Exercise details
In the entries that follow, the line with "SOPORTE BATERIA HYUNDAI" opens the range and the line with "BRP Sea-Doo RXT-X 260" closes it; repeat that range exactly, both lines included.

Scraped caption text data
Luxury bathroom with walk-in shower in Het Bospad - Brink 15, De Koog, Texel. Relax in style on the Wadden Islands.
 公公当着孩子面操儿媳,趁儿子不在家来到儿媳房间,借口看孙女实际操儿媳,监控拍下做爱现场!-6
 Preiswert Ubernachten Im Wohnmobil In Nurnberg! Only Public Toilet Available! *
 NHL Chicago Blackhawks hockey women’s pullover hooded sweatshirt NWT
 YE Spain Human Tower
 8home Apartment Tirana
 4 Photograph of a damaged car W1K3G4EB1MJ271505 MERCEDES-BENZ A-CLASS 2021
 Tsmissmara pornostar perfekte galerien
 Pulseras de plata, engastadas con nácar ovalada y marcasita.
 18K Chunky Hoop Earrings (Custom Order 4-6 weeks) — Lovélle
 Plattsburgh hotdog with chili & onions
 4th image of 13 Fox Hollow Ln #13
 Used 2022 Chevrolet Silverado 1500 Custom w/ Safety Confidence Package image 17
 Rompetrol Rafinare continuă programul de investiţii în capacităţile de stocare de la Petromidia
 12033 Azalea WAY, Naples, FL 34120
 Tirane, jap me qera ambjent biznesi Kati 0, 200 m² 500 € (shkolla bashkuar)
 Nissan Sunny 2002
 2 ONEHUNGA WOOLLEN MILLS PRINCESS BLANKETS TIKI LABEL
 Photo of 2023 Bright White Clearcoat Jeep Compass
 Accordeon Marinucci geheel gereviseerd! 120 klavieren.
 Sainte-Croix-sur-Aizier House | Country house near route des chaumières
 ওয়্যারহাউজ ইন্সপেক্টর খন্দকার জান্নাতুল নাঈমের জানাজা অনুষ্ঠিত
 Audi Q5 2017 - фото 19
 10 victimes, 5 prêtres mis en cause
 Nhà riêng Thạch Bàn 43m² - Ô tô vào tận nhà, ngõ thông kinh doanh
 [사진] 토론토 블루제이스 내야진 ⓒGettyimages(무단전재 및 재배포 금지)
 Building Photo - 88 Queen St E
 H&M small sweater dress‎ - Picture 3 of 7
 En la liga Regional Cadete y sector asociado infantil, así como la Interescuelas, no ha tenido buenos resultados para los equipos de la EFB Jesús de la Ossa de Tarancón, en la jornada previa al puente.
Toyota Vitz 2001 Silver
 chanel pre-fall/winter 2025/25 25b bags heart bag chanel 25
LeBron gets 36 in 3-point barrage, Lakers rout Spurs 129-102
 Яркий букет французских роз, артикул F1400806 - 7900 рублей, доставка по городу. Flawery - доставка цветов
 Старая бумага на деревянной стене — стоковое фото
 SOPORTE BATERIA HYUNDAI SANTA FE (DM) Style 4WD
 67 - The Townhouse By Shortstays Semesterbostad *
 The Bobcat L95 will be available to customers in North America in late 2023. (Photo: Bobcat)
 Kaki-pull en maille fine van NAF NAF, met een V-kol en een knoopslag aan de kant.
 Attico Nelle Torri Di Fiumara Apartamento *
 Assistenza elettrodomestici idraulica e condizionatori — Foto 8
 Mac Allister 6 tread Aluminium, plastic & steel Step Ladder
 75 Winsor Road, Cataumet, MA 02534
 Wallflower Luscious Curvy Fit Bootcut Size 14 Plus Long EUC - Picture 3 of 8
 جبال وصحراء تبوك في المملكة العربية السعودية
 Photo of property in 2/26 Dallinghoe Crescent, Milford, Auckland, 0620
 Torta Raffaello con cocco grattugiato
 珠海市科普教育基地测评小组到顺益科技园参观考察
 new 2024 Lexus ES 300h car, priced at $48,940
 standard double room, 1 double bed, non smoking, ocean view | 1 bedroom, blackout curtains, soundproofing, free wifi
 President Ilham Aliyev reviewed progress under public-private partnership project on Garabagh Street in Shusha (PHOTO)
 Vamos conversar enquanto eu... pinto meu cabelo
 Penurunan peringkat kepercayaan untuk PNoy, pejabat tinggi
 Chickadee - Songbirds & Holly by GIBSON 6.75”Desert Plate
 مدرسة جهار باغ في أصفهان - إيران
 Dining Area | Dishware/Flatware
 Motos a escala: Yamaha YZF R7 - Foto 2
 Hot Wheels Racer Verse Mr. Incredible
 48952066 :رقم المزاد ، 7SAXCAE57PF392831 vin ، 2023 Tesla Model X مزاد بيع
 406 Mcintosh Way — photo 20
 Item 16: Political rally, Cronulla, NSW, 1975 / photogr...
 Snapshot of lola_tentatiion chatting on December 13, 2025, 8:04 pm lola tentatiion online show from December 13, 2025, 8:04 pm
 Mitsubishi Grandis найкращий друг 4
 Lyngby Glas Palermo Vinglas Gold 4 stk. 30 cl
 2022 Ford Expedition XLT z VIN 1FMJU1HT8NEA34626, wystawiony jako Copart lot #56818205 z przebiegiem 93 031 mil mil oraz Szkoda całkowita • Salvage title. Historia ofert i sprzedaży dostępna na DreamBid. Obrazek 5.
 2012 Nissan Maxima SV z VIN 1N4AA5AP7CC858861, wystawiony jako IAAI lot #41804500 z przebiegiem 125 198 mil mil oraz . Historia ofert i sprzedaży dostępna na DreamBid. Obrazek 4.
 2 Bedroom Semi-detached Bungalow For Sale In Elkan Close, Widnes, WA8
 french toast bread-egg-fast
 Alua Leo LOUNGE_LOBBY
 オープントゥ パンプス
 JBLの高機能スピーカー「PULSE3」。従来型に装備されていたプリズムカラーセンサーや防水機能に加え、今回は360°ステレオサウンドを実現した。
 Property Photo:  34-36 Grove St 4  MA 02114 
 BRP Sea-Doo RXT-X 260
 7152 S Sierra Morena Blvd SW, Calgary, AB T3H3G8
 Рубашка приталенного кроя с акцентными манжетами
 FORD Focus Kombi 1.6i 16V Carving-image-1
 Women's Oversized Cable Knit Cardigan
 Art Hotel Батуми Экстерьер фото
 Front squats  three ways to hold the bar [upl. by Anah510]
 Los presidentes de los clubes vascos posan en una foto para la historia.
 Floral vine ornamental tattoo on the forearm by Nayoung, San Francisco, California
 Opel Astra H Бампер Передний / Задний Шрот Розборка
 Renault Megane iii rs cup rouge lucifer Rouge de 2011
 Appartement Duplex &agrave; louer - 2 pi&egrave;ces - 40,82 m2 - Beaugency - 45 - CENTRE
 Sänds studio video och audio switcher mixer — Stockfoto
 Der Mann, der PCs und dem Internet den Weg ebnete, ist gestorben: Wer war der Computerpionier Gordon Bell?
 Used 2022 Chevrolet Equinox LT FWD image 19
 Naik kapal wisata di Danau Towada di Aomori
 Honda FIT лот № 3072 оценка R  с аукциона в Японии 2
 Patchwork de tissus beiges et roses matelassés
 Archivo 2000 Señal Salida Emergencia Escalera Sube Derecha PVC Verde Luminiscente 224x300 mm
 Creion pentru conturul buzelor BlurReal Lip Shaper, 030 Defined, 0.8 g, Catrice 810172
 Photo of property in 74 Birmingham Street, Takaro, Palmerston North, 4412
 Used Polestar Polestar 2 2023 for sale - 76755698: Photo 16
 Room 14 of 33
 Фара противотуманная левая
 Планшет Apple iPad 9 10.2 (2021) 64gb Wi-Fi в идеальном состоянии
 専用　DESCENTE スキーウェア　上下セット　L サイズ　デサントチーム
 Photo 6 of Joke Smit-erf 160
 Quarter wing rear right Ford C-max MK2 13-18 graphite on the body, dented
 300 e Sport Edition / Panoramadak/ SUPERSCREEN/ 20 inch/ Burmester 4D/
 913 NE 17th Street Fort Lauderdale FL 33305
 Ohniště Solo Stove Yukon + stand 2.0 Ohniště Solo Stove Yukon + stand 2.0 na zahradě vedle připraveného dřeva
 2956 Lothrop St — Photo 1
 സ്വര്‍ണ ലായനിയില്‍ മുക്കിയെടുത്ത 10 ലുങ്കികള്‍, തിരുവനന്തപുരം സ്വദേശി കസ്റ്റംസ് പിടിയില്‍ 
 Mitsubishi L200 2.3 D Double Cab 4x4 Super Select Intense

Exercise answer
 SOPORTE BATERIA HYUNDAI SANTA FE (DM) Style 4WD
 67 - The Townhouse By Shortstays Semesterbostad *
 The Bobcat L95 will be available to customers in North America in late 2023. (Photo: Bobcat)
 Kaki-pull en maille fine van NAF NAF, met een V-kol en een knoopslag aan de kant.
 Attico Nelle Torri Di Fiumara Apartamento *
 Assistenza elettrodomestici idraulica e condizionatori — Foto 8
 Mac Allister 6 tread Aluminium, plastic & steel Step Ladder
 75 Winsor Road, Cataumet, MA 02534
 Wallflower Luscious Curvy Fit Bootcut Size 14 Plus Long EUC - Picture 3 of 8
 جبال وصحراء تبوك في المملكة العربية السعودية
 Photo of property in 2/26 Dallinghoe Crescent, Milford, Auckland, 0620
 Torta Raffaello con cocco grattugiato
 珠海市科普教育基地测评小组到顺益科技园参观考察
 new 2024 Lexus ES 300h car, priced at $48,940
 standard double room, 1 double bed, non smoking, ocean view | 1 bedroom, blackout curtains, soundproofing, free wifi
 President Ilham Aliyev reviewed progress under public-private partnership project on Garabagh Street in Shusha (PHOTO)
 Vamos conversar enquanto eu... pinto meu cabelo
 Penurunan peringkat kepercayaan untuk PNoy, pejabat tinggi
 Chickadee - Songbirds & Holly by GIBSON 6.75”Desert Plate
 مدرسة جهار باغ في أصفهان - إيران
 Dining Area | Dishware/Flatware
 Motos a escala: Yamaha YZF R7 - Foto 2
 Hot Wheels Racer Verse Mr. Incredible
 48952066 :رقم المزاد ، 7SAXCAE57PF392831 vin ، 2023 Tesla Model X مزاد بيع
 406 Mcintosh Way — photo 20
 Item 16: Political rally, Cronulla, NSW, 1975 / photogr...
 Snapshot of lola_tentatiion chatting on December 13, 2025, 8:04 pm lola tentatiion online show from December 13, 2025, 8:04 pm
 Mitsubishi Grandis найкращий друг 4
 Lyngby Glas Palermo Vinglas Gold 4 stk. 30 cl
 2022 Ford Expedition XLT z VIN 1FMJU1HT8NEA34626, wystawiony jako Copart lot #56818205 z przebiegiem 93 031 mil mil oraz Szkoda całkowita • Salvage title. Historia ofert i sprzedaży dostępna na DreamBid. Obrazek 5.
 2012 Nissan Maxima SV z VIN 1N4AA5AP7CC858861, wystawiony jako IAAI lot #41804500 z przebiegiem 125 198 mil mil oraz . Historia ofert i sprzedaży dostępna na DreamBid. Obrazek 4.
 2 Bedroom Semi-detached Bungalow For Sale In Elkan Close, Widnes, WA8
 french toast bread-egg-fast
 Alua Leo LOUNGE_LOBBY
 オープントゥ パンプス
 JBLの高機能スピーカー「PULSE3」。従来型に装備されていたプリズムカラーセンサーや防水機能に加え、今回は360°ステレオサウンドを実現した。
 Property Photo:  34-36 Grove St 4  MA 02114 
 BRP Sea-Doo RXT-X 260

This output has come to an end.